:: EXERCISE OBJECTIVE ::
The reply is a verbatim copy of the listing below with its images dropped.

:: INFORMATION SUPPLIED ::

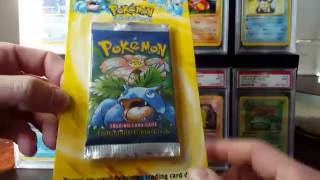 Pokemon Shadowless 1st edition Base Set Blister Pack Opening 3 Starter central [upl. by Rowen]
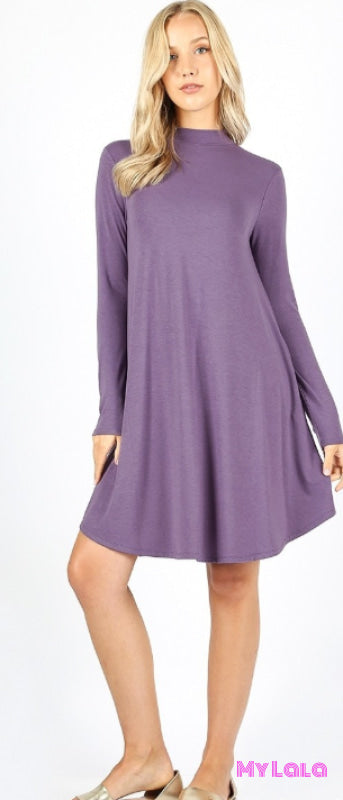 DRESS Vienna (Lilac Grey) - My Lala Leggings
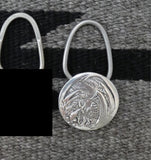Native American Navajo Sterling Silver Folk Art Jack Rabbit Concho Keychain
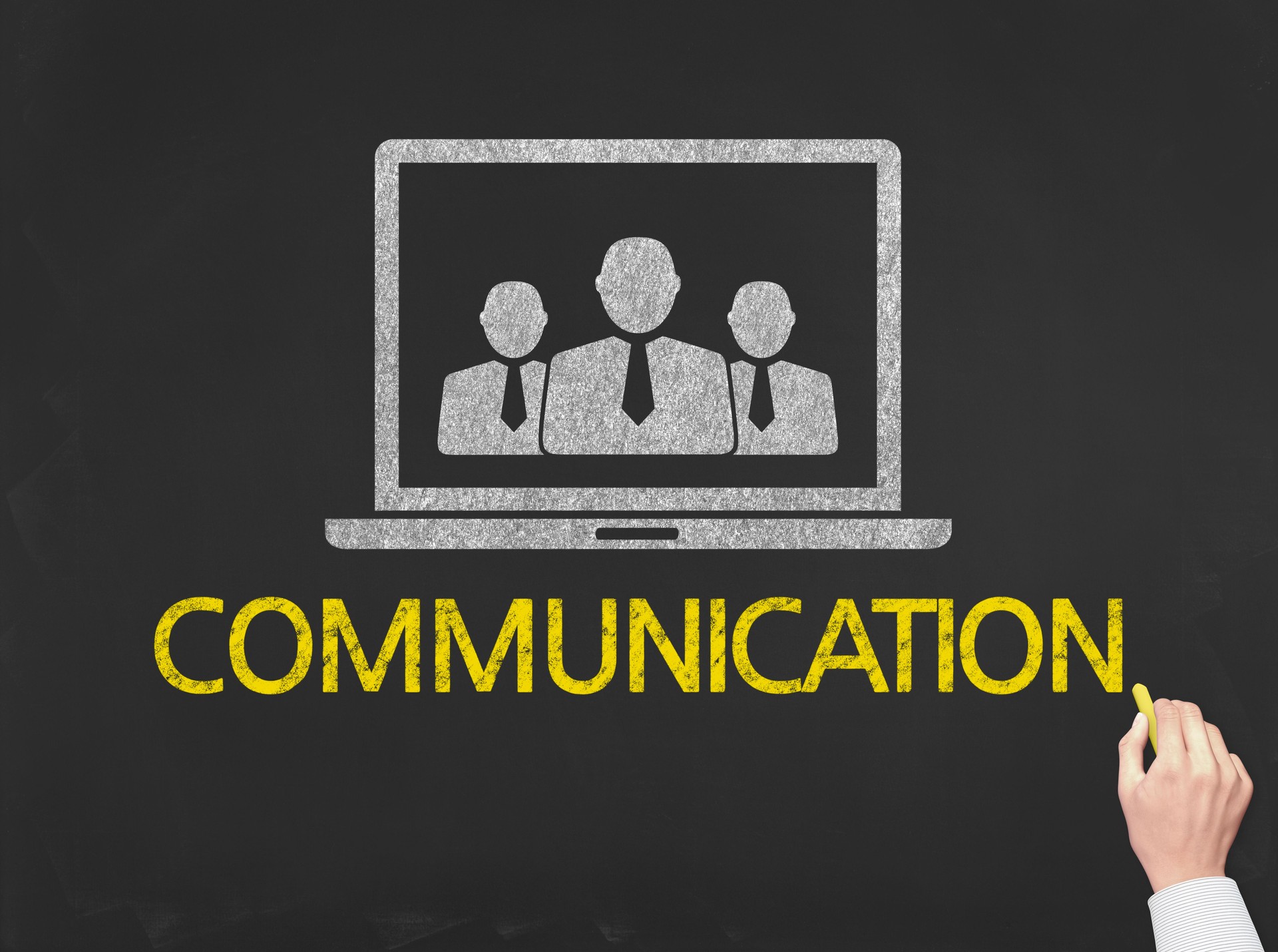 Communication - Business Chalkboard Background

:: SOLUTION TO THIS TASK ::
 Pokemon Shadowless 1st edition Base Set Blister Pack Opening 3 Starter central [upl. by Rowen]
 DRESS Vienna (Lilac Grey) - My Lala Leggings
Native American Navajo Sterling Silver Folk Art Jack Rabbit Concho Keychain
 Communication - Business Chalkboard Background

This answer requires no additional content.